Entretanto, notei até agora entre os pré-candidatos à presidência da República pouco entusiasmo e ênfase em prometer melhoras claras nos transportes públicos, de modo a torná-los mais modernos, mais cômodos e mais baratos em um país rico e em alguns aspectos moderno e avançado. É bom esses candidatos terem cuidado, porque os mesmos que incendeiam ônibus podem acabar apagando seus nomes nas urnas.

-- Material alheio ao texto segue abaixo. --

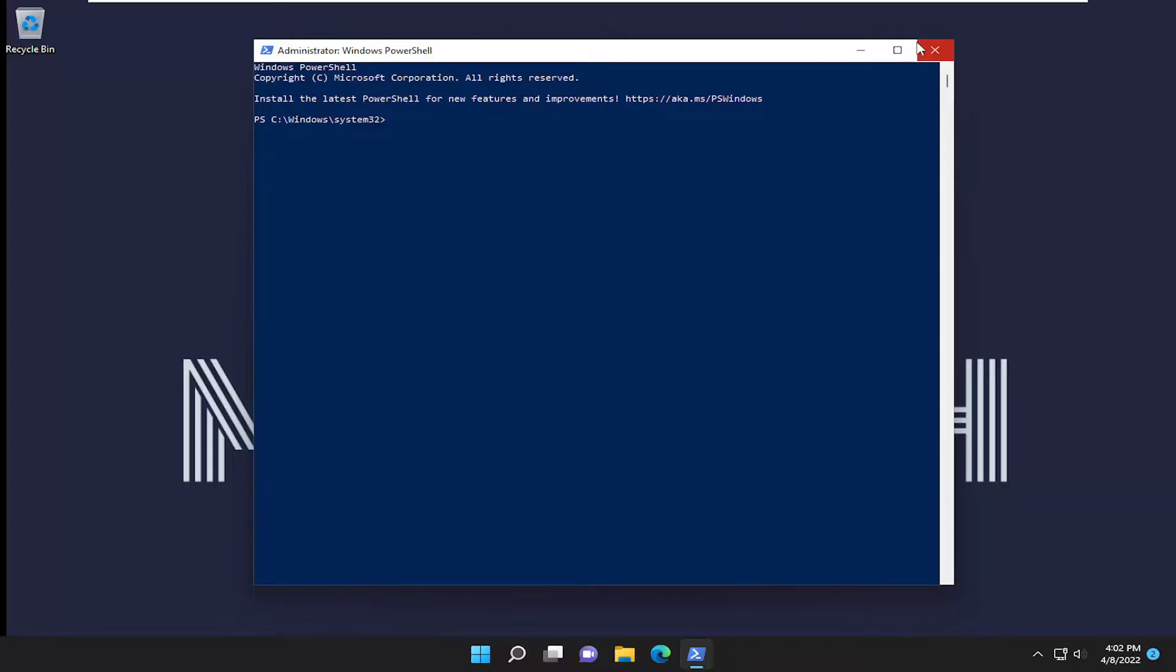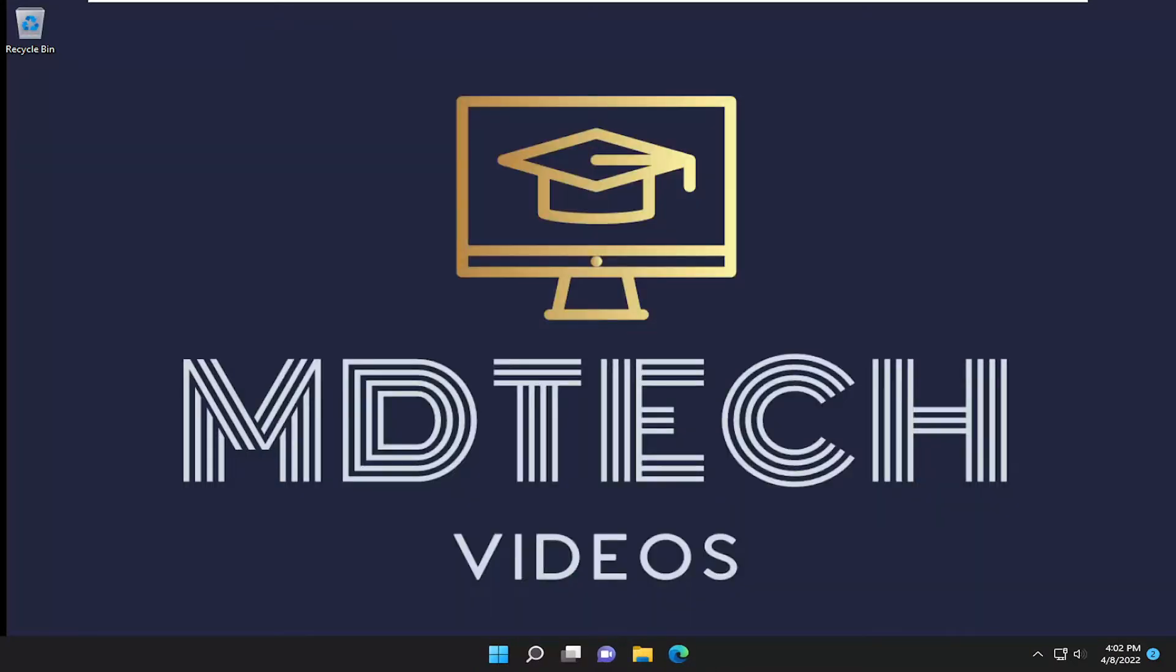As always, thank you for watching this brief tutorial. I hope I was able to help you out, and I look forward to catching you all in the next tutorial. Goodbye.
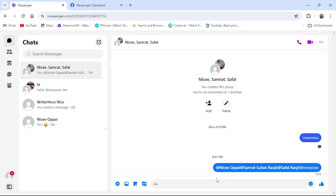This is how you can mention everyone in your group chat in Messenger from your PC.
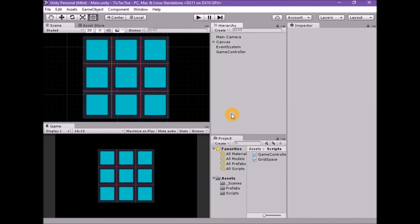Welcome to the sixth part of the tutorial series on how to make a tic-tac-toe game in Unity. We need to test the grid spaces on the board and see if there has been a win. We don't have the player sides properly set up, but we will need to check the grid spaces text property to see if the string values match three in a row, and that these values match the side that's currently playing.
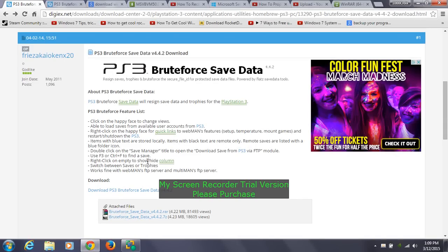Hi guys. I'm here showing this video on how to download Brute Force Save Data and how to use cheats using your game files from your PS3. It has other features as well — changing region saves and changing user accounts — but today I'm going to show how to download Brute Force Save Data and how to apply cheats to it.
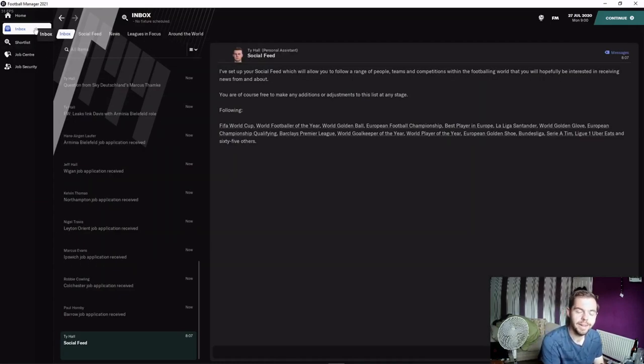Hello and welcome, my name is Ashley and today we're starting our new let's play series where we try and take an unemployed, unqualified manager right from the bottom of world football to surpass the likes of Sir Alex Ferguson, Pep Guardiola, and Jose Mourinho.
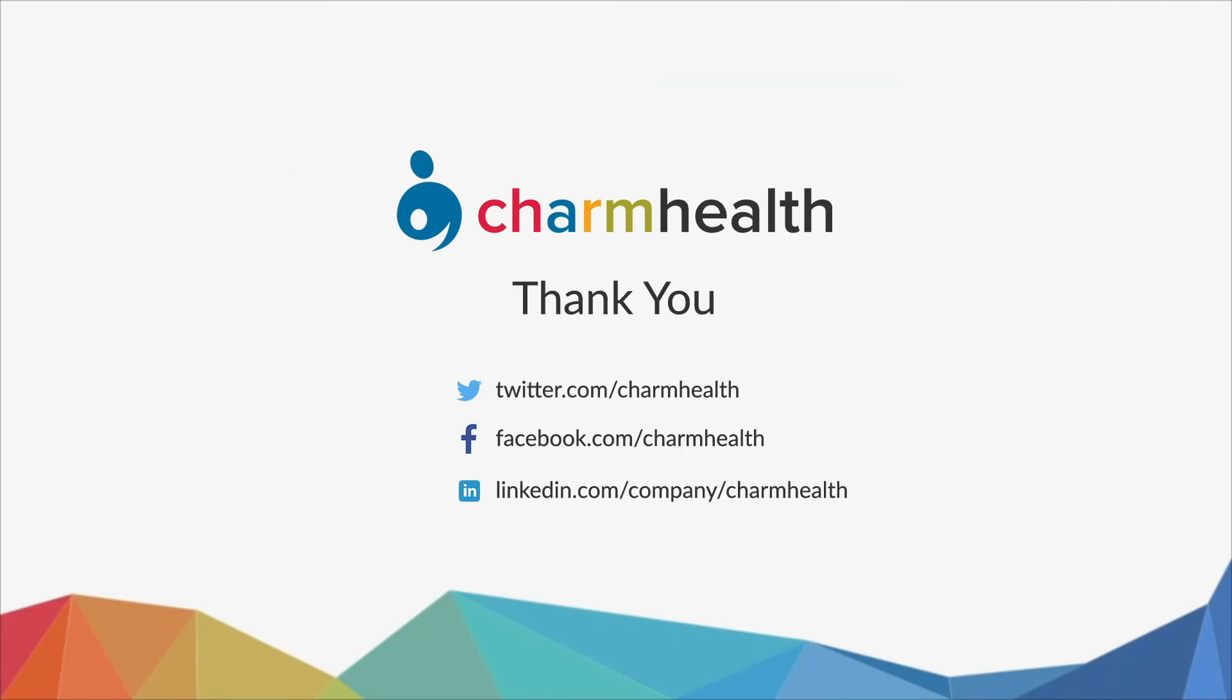Thank you for watching this video. For any help, write an email to support at charmhealth.com. Follow us on our social media for the latest updates.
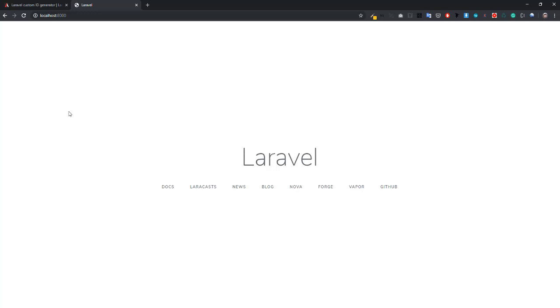What's up guys, welcome to Laravel Article Channel. In this video I'll teach you how to install Laravel ID Generator and use it in your Laravel project. So without any further delay, let's get started.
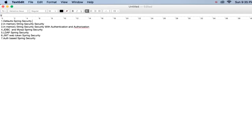Hi friends, welcome back to my YouTube channel Web LearnX. This is Virendra Kumar Singh. Today I am going to explain how to configure the Spring Boot security in a web application. I will start with the default Spring Boot security configuration.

Nas democracias desenvolvidas e modernas, os cidadãos já não aceitam viajar como gado, e o Brasil já não é um país do Terceiro Mundo, embora às vezes suas pessoas mais humildes sofram os flagelos dos países ainda não desenvolvidos do planeta.
Será que os políticos brasileiros não veem, quando vão aos países desenvolvidos, às pessoas (inclusive os ricos) andando em meios de transporte públicos dignos, e não notam a diferença com os daqui?
A campanha eleitoral está às portas. E também junho, aniversário das manifestações das ruas. E em um clima de Copa que não aparece exatamente risonho e pacificador. Os brasileiros exigem meios de transporte público à altura do “padrão FIFA”.
Por que, de agora até as eleições, os candidatos não andam de transporte público para ver de perto como são maravilhosos e como as pessoas viajam felizes e cômodas? Seria uma má ideia?
Dos carros blindados é difícil ouvir os lamentos das pessoas comuns, para quem a ida ao trabalho significa um martírio às vezes maior que a fadiga da jornada trabalhista.
A vida dos não privilegiados, que são a grande maioria nestes países, gira em torno desse dia a dia, tantas vezes duro e até cruel, de acordar pensando em enfrentar horas de viagem em situações que raiam a falta de dignidade humana. E se recolhem exaustos, por uma dupla fadiga cotidiana.
Que por que queimam os ônibus? Melhor que os políticos não perguntem. Poderiam ruborizar com as respostas.
Se fazem bem em queimá-los? Não. Toda violência acaba esmagando ainda mais a já dura vida dos mais desfavorecidos.
Mas como convencer de que a violência não melhora as coisas essas pessoas que, desde que abrem os olhos, são sujeito e objeto de violências várias, marcadas a cada hora pelo relógio da dor que acumulam de pai para filho?